How can Americans respond to their highest judge's resounding challenge that controlling crime is "as much a part of our national defense as the Pentagon budget"?
There are many specific steps of deterrence and rehabilitation to be considered in Chief Justice Burger's latest annual report to the American Bar Association, as can be seen from the excerpts elsewhere on this page.
But, to start with, Mr. Burger ought to be emulated by all his fellow citizens in drawing a line against the despairing acceptance of a crime-ridden nation. Last year a privately sponsored national survey found that society seems to have adapted to the situation "almost without being aware of how such accommodation affects the nation's well-being." This week, virtually as the chief justice spoke, there was news of New York authorities hampered in their efforts to enforce laws against sex offenses by public acceptance of commercialized sex.
Thus far and no farther is Mr. Burger's much-needed message. The magnitude of the problem is no reason to abdicate the struggle to roll back crime:
"Why do we show such indignation over alien terrorists and such tolerance for the domestic variety? Are we not hostages within the borders of our own self-styled enlightened, civilized country? Accurate figures on the cost of home burglar alarms, of three locks on each door -- and sadly, of handgun sales for householders -- are not available but they run into hundreds of millions of dollars. All this in a 'civilized', 'enlightened' society!"
Civil rights advocates have been quick to question some Burger prescriptions as threatening the rights of the accused or the presumption of innocence. Some note the risk when any judge, let alone a chief justice, takes positions on controversial legal matters that might come before him on the bench.
But Mr. Burger plainly states that the war on crime will not be won by "abandoning the historic guarantees of the Bill of Rights." He adds the reminder that these rights apply to all: "A government that fails to protect both the rights of accused persons and also all other people has failed in its mission."
As for judicial objectivity, no judge ought to allow his opinions, whether stated or unstated, to interfere with judging a given case on its merits. We trust Mr. Burger would disqualify himself if ever he could not do so.
Indeed, for him to open himself to criticism in this way suggests just how deeply important he must consider it to give the public and the legal system a jolt. It fits in with Attorney General Smith's "top priority" of fighting violent crime, "within the limited area where the federal government ought to become involved." Such concern in high places should help establish a tone of resolve not to accommodate crime but to enforce the law with the fullness and fairness that make it effective and secure. As Churchill said, "The mood and temper of the public in regard to the treatment of crime and criminals is one of the most unfailing tests of any country."

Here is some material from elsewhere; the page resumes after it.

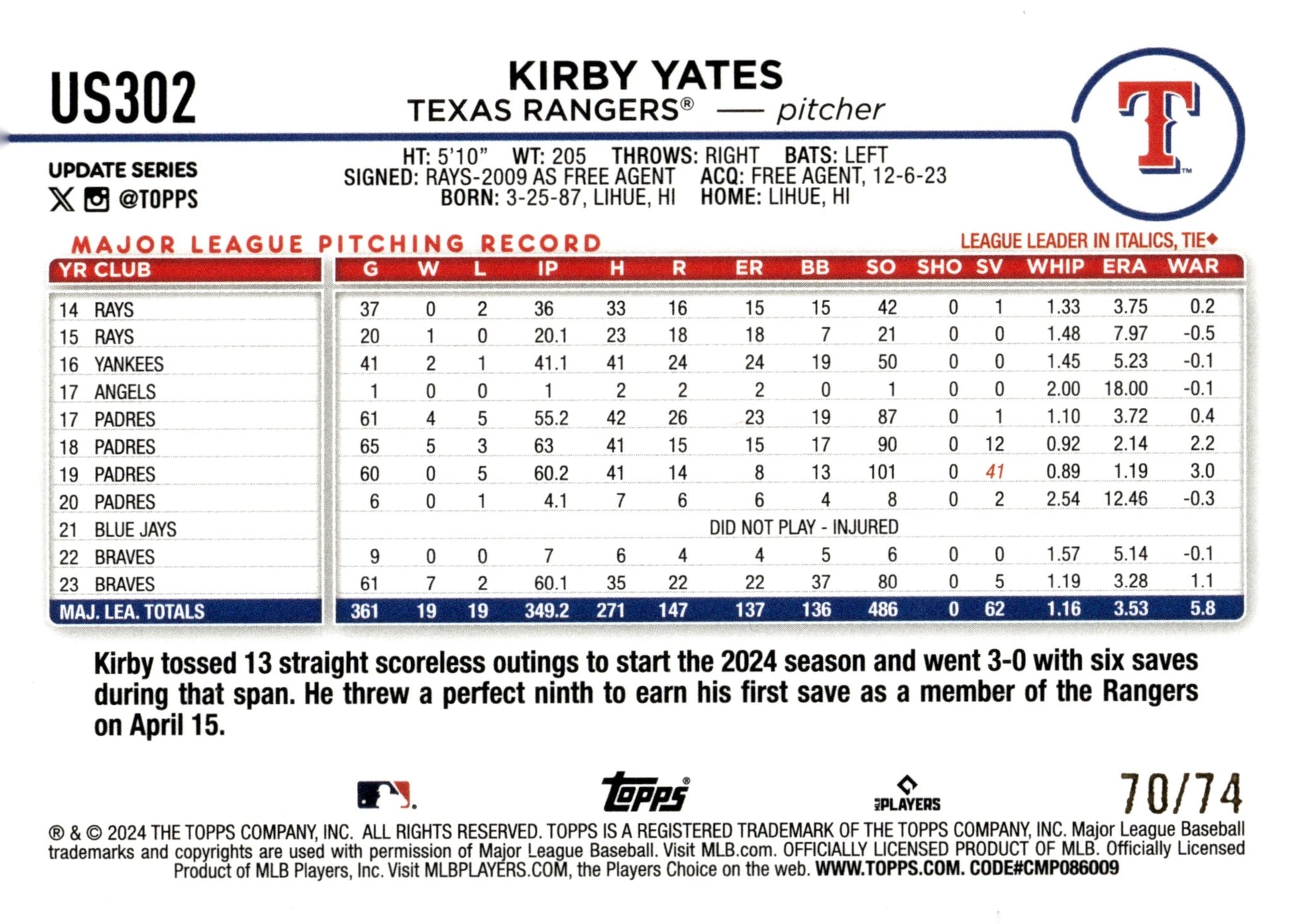 Kirby Yates 2024 Topps Update Series Black Border 70/74 #US302 - Collector Store LLC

What Mr. Burger proposes would be costly -- from upgrading prisons to providing resources for speedy trials. He recognizes that solutions reach to integrity in the schools, attitudes toward drugs, and the factor of poverty. Nothing less than scrutiny of the whole society is required to get at the whys and wherefores of the situation that has insidiously developed. But, in the chief justice's words, "we must try to deter and try to cure."